Nexa AI built its OmniAudio generative AI model for edge applications using Gemma.
Nexa AI is a company specialized in building AI tools for the edge hardware and software market. To meet its mission of bringing AI to everyone and on any device, the company offers production-ready “tiny models,” model architecture optimization and compression, and edge inference acceleration services.
Nexa AI developers used Gemma as the foundation for one of the company’s innovative AI solutions: OmniAudio, an audio-language model. OmniAudio’s strength lies in its unique architecture that maximizes performance for edge applications. Thanks to Gemma, the model launched at a compact size with low latency, high accuracy, and enhanced privacy.
The challenge
Nexa AI wanted to build a new audio-language model to add to its inventory of AI tools. Unlike more traditional audio-language models, they wanted to create one that worked entirely on-device for greater accessibility. Not calling on a cloud-based model also reduced privacy concerns and latency for the end user and reduced costs for the developers.
After extensive testing, Nexa AI developers found the available commercial models were less suited for on-device deployment and needed to find a smaller, more efficient model that could run on-device with best-in-class power. That’s when the team turned to Google’s Gemma open models. Nexa AI developers had worked with Gemma before to build its highly-regarded Octopus v2 model, a generative large language model (LLM) also built for edge applications. With this knowledge in mind, they knew it would be the perfect solution to build their OmniAudio language model.
“Gemma is a game-changer for edge AI development, offering unparalleled efficiency and accuracy to create powerful, resource-friendly models. Its scalability and ease of integration also make it ideal for experimentation and gradual implementation.”
The solution
OmniAudio is a 2.6B-parameter audio-language multimodal model that combines Gemma-2-2b, automatic speech recognition model WhisperTurbo, and a custom projector module to unify audio-speech recognition and LLM capabilities in one architecture. This model can record summaries, generate audio content, perform voice quality assurance, and more.
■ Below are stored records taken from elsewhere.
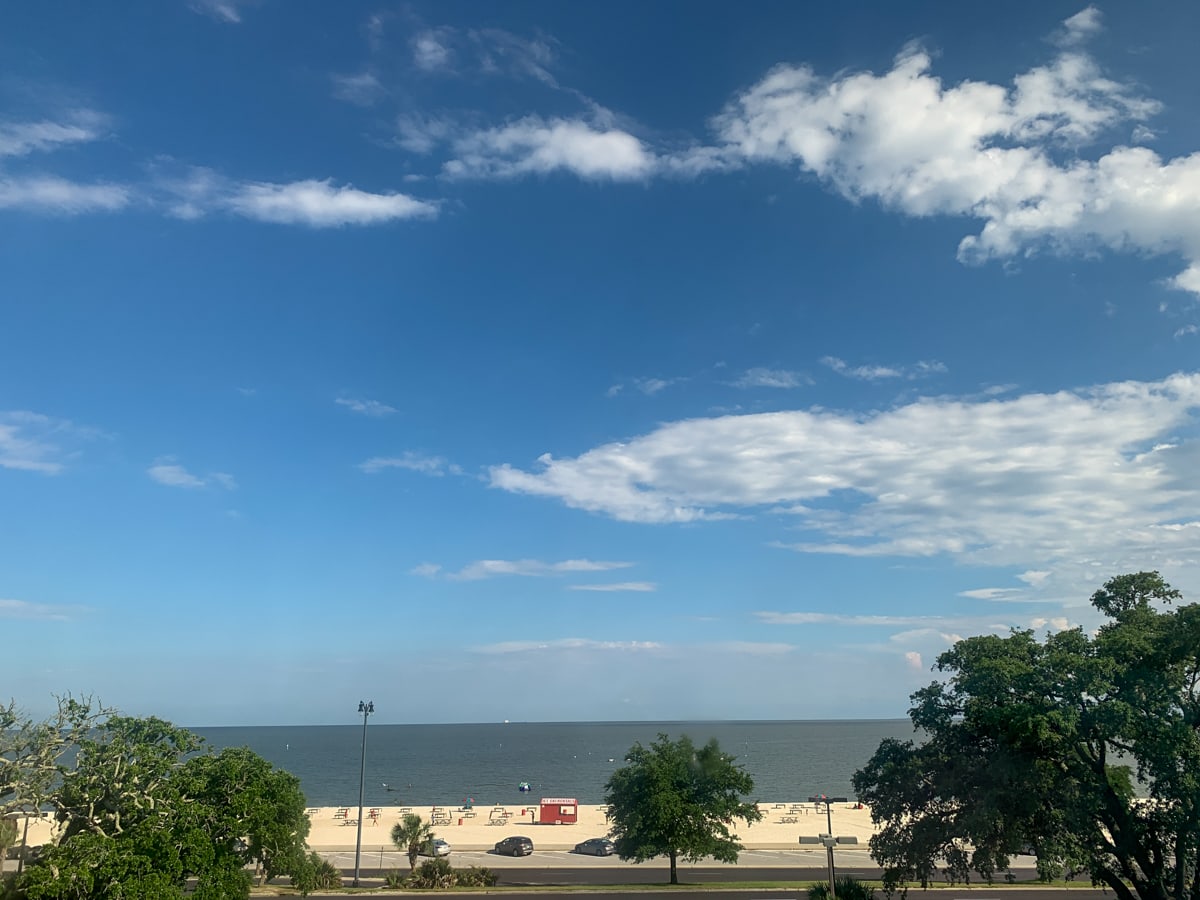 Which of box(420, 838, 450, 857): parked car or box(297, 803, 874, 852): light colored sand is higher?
box(420, 838, 450, 857): parked car

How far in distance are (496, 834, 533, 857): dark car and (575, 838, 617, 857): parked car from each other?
3.80 metres

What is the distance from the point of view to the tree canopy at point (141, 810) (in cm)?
2462

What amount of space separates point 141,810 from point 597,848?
38707 mm

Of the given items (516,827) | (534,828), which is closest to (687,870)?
(534,828)

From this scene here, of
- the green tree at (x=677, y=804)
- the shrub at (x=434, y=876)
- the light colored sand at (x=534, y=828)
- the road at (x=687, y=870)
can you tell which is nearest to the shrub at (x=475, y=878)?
the shrub at (x=434, y=876)

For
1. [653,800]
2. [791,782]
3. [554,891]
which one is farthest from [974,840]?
[791,782]

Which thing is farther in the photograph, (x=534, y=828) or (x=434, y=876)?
(x=534, y=828)

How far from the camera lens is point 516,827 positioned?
243ft

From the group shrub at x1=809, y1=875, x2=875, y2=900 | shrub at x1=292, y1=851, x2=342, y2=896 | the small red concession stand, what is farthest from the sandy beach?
shrub at x1=809, y1=875, x2=875, y2=900

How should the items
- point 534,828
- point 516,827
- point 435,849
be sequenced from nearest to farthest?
point 435,849
point 534,828
point 516,827

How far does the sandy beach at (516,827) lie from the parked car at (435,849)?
3.13 meters

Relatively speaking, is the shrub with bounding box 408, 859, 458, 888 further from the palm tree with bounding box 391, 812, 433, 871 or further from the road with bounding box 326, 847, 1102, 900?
the road with bounding box 326, 847, 1102, 900

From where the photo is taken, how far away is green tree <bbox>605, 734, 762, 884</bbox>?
42438mm

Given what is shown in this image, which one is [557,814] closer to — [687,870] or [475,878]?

Using Gemma 2 as its foundation enabled the Nexa AI team to meet its privacy and performance priorities, thanks to the model’s diverse on-device inference capabilities.
“Gemma’s strong language understanding and content generation capabilities made it easy to fine-tune the model for audio-language capabilities,” said Zack Li, CTO of Nexa AI. In addition to using functional tokens to enhance function calling in OmniAudio, Nexa AI developers also integrated Gemma 2 with WhisperTurbo for seamless audio-text processing. The team used their Nexa SDK, Nexa AI’s own edge inference engine, for OmniAudio model inference.
According to the team, Gemma’s efficient design significantly reduces the cost-per-inference. Its on-device capabilities also minimize energy consumption and eliminate the need for constant cloud connectivity, providing scalable and cost-effective solutions for multimodal use cases. All this, combined with Gemma’s compact architecture, supported Nexa AI’s development of OmniAudio, which boasts impressive inference speed with minimal latency.

The impact
With Gemma's pretrained architecture, its engineers achieved significant performance gains while maintaining efficiency for “smooth development,” said Zack. “Gemma2 model is lightweight and has attracted a large developer community, that motivates us to use Gemma as LLM backbone ”, said Alex. The team also cited Gemma’s excellent documentation, which helped them tremendously during development.
5.5-10.3x
faster performace on consumer hardware
31k+
downloads on Hugging Face**
- *across FP16 GGUF and Q4_K_M quantized GGUF versions
- **number of downloads from December 1 - December 31, 2024
What’s next
According to the Nexa AI team, Gemma is instrumental in making AI accessible on devices where latency, privacy, and energy efficiency matter the most. “Gemma-based models maintain exceptional accuracy for specific in-domain tasks while being small enough for edge deployment,” said Zack. The team is excited to see more developers join the journey of creating impactful and sustainable solutions.
The Nexa AI team plans to continue refining OmniAudio to improve accuracy and reduce latency on edge devices. They also want to expand the use of all of its Gemma models in on-device AI applications such as conversational agents, multimodal processing, and function calling, transforming how users interact with their devices. Moving forward, the team plans to rely on Gemma for building enhanced multimodal and action-oriented AI models.